## Exercise description
The lines from the start of the records through the one containing "ADHD Meal Planner, Stop" are to be transcribed exactly, and nothing else.

[Data excerpts]

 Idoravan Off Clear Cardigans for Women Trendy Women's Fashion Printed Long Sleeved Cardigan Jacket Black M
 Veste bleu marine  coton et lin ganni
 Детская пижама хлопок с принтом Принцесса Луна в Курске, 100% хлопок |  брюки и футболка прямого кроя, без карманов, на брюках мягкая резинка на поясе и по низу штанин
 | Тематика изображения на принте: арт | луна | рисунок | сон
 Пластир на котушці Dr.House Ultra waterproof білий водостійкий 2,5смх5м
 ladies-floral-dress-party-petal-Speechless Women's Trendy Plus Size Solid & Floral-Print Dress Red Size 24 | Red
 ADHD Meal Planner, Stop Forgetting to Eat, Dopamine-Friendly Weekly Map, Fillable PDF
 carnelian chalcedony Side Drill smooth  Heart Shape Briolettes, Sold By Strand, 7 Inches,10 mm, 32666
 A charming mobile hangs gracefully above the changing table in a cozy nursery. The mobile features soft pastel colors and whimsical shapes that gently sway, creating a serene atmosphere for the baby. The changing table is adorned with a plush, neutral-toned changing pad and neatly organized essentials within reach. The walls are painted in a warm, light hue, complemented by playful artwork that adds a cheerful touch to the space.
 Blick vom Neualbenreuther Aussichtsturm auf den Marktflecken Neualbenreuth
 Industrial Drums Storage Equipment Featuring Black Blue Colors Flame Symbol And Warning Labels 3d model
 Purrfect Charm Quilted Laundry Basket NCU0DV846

## Response
 Idoravan Off Clear Cardigans for Women Trendy Women's Fashion Printed Long Sleeved Cardigan Jacket Black M
 Veste bleu marine  coton et lin ganni
 Детская пижама хлопок с принтом Принцесса Луна в Курске, 100% хлопок |  брюки и футболка прямого кроя, без карманов, на брюках мягкая резинка на поясе и по низу штанин
 | Тематика изображения на принте: арт | луна | рисунок | сон
 Пластир на котушці Dr.House Ultra waterproof білий водостійкий 2,5смх5м
 ladies-floral-dress-party-petal-Speechless Women's Trendy Plus Size Solid & Floral-Print Dress Red Size 24 | Red
 ADHD Meal Planner, Stop Forgetting to Eat, Dopamine-Friendly Weekly Map, Fillable PDF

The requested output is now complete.